> [PROBLEM STATEMENT]: Drop the images; return everything else in the listing below exactly.

START SOURCE MATERIAL

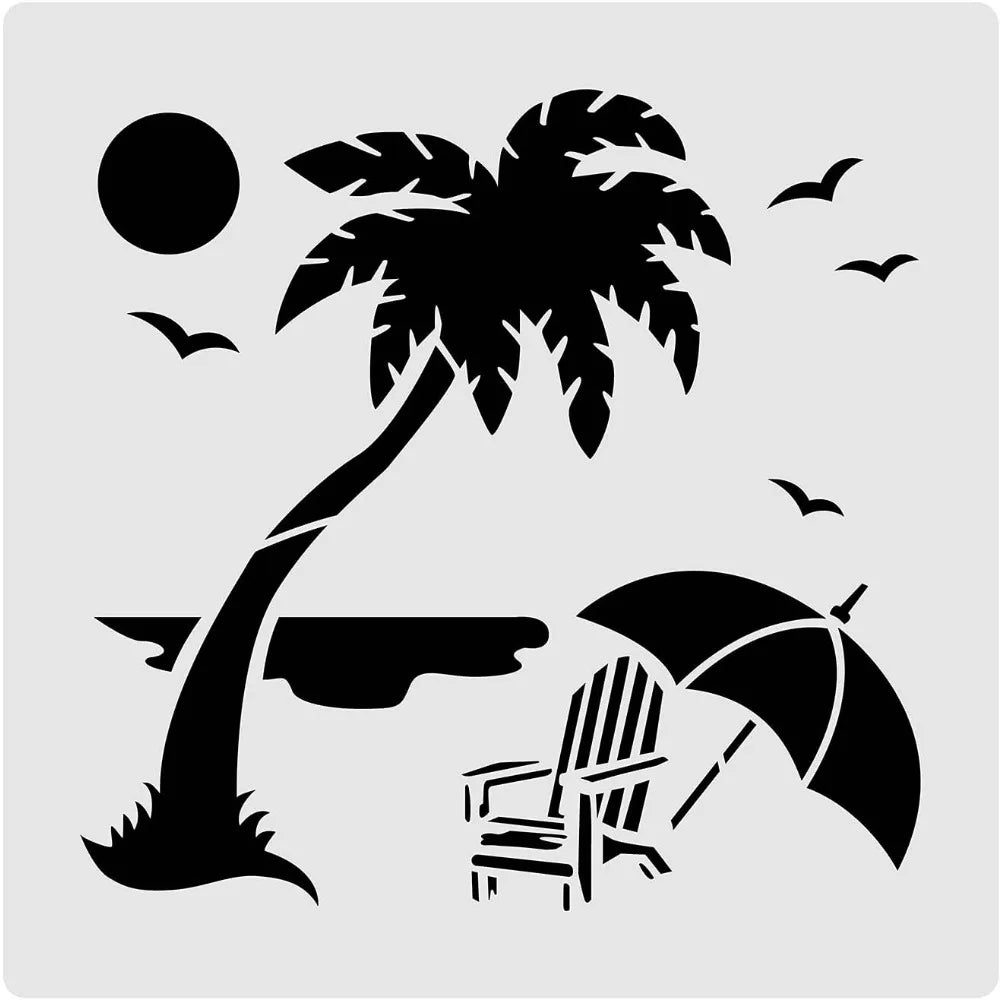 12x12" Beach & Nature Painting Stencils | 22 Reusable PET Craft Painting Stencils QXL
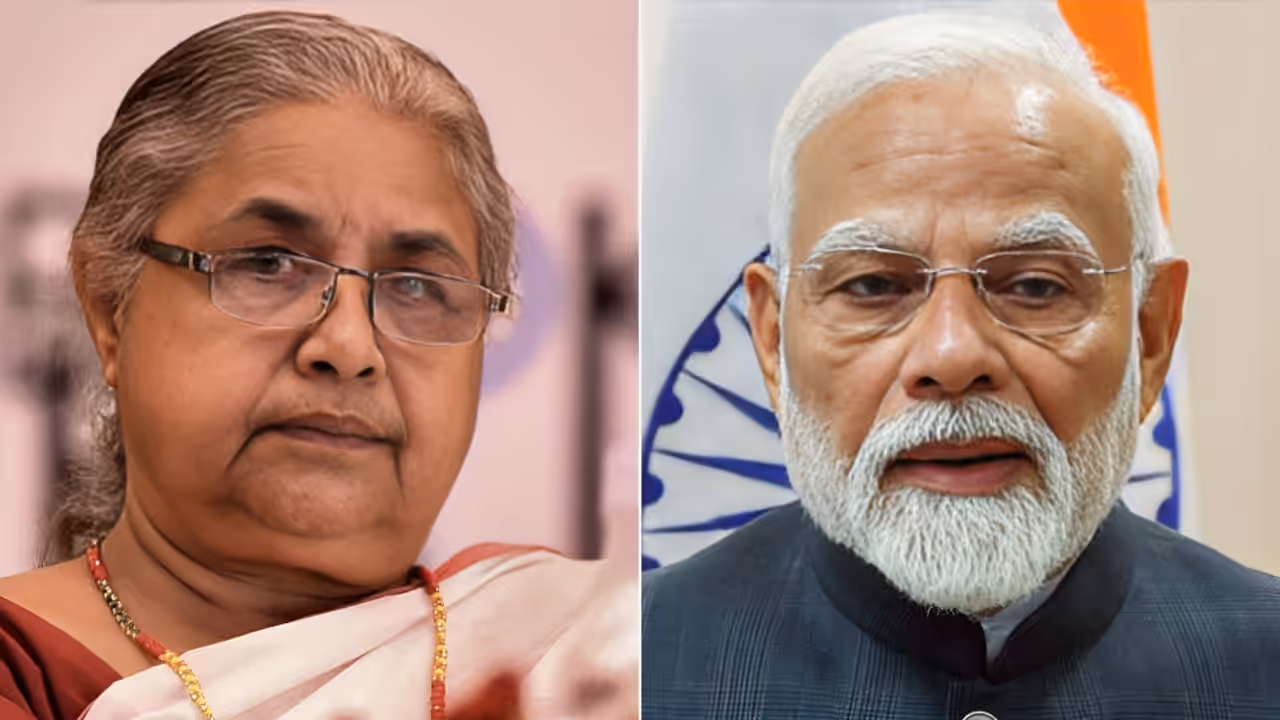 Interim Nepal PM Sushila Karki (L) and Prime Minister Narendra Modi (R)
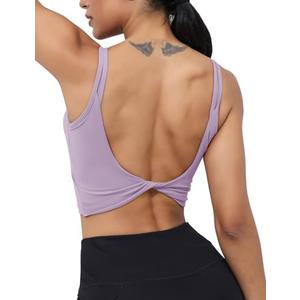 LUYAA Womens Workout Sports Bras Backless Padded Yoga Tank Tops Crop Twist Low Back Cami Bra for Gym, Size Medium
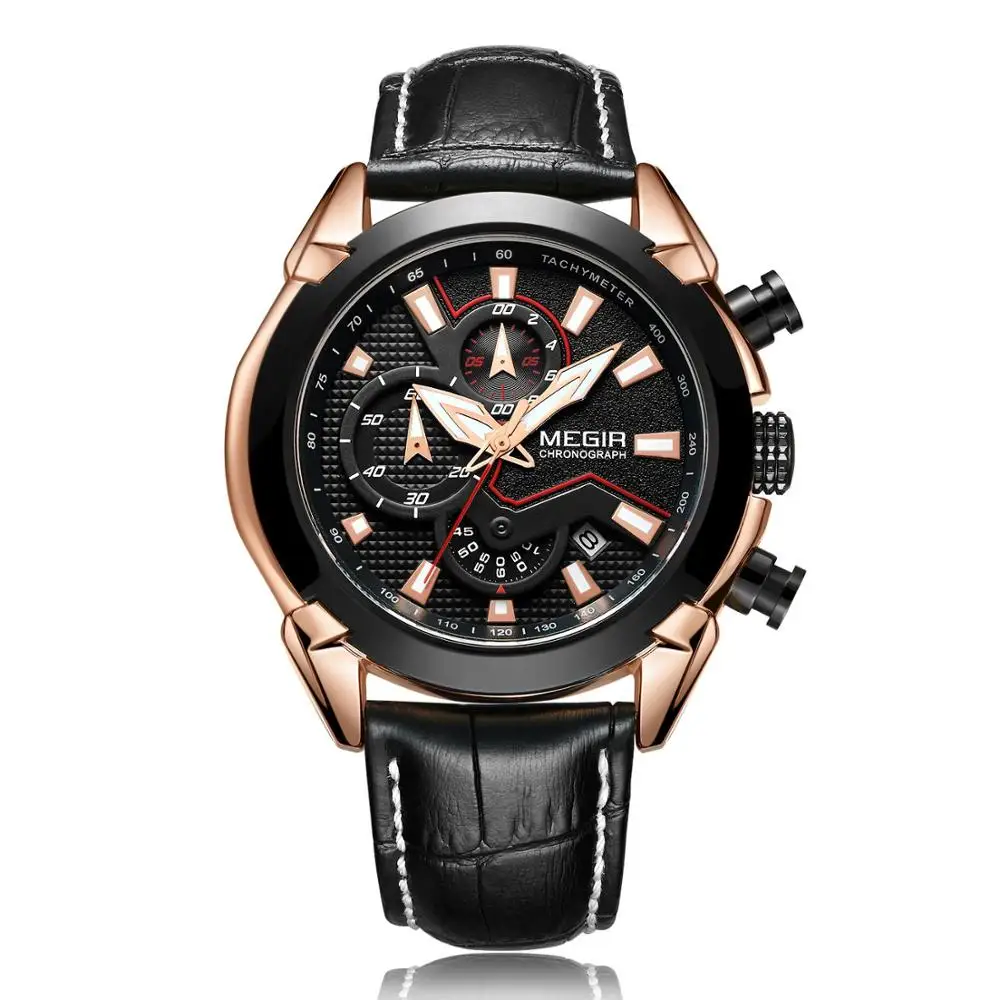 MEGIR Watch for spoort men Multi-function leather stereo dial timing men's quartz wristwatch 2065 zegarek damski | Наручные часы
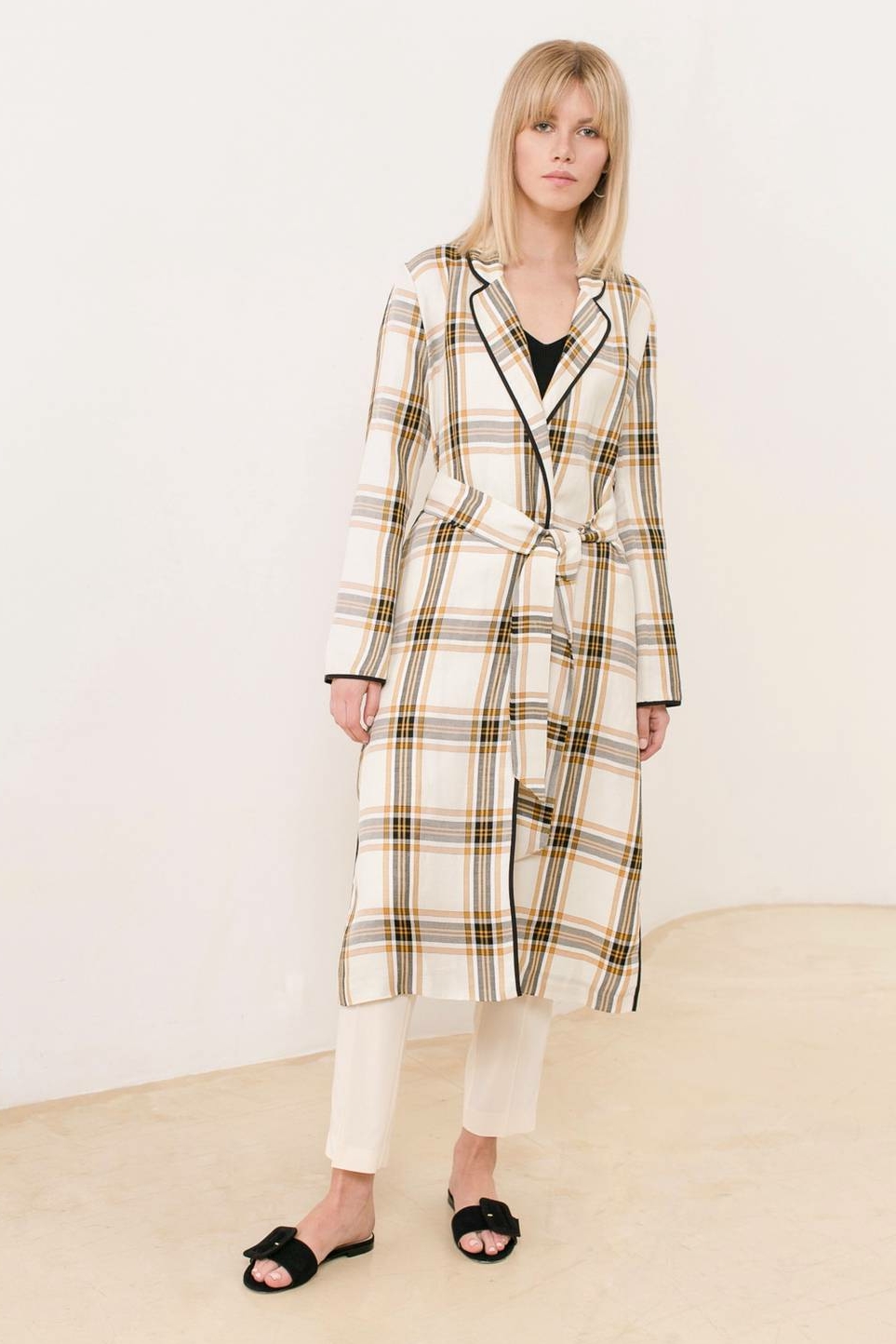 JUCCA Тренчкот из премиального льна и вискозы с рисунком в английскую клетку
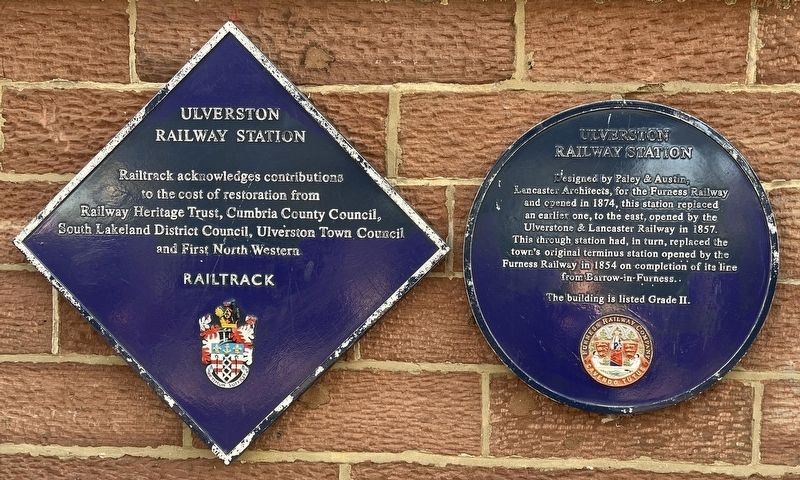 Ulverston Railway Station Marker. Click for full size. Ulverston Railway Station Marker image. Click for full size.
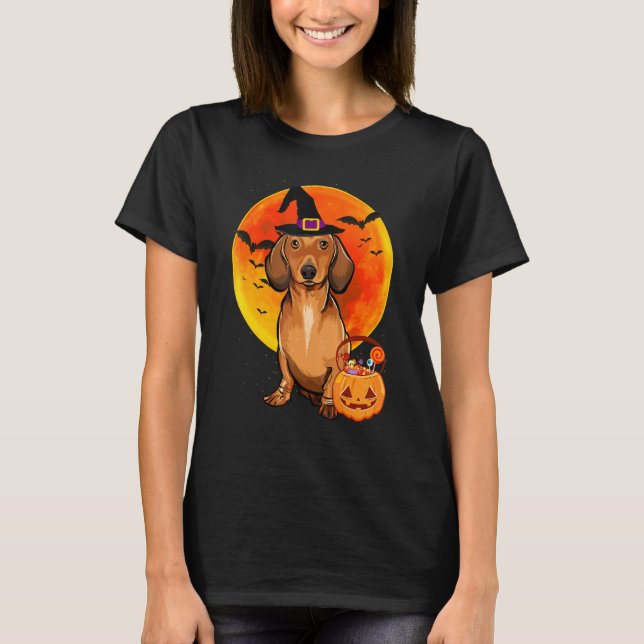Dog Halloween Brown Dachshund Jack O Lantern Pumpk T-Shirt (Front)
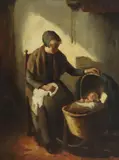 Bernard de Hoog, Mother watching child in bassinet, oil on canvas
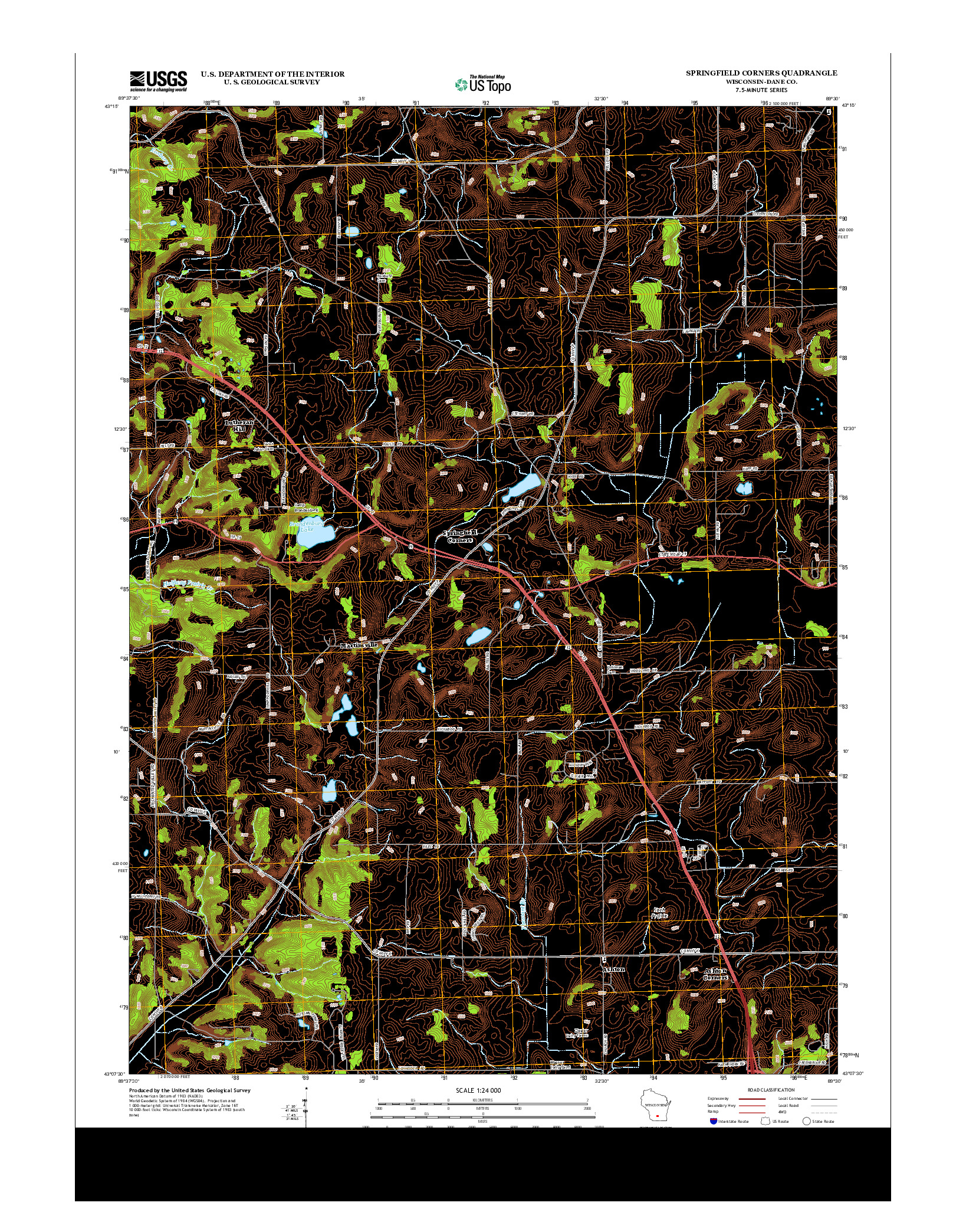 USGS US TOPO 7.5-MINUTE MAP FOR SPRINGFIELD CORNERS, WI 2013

END SOURCE MATERIAL

> [EXPECTED OUTPUT]:
 12x12" Beach & Nature Painting Stencils | 22 Reusable PET Craft Painting Stencils QXL
 Interim Nepal PM Sushila Karki (L) and Prime Minister Narendra Modi (R)
 LUYAA Womens Workout Sports Bras Backless Padded Yoga Tank Tops Crop Twist Low Back Cami Bra for Gym, Size Medium
 MEGIR Watch for spoort men Multi-function leather stereo dial timing men's quartz wristwatch 2065 zegarek damski | Наручные часы
 JUCCA Тренчкот из премиального льна и вискозы с рисунком в английскую клетку
 Ulverston Railway Station Marker. Click for full size. Ulverston Railway Station Marker image. Click for full size.
Dog Halloween Brown Dachshund Jack O Lantern Pumpk T-Shirt (Front)
 Bernard de Hoog, Mother watching child in bassinet, oil on canvas
 USGS US TOPO 7.5-MINUTE MAP FOR SPRINGFIELD CORNERS, WI 2013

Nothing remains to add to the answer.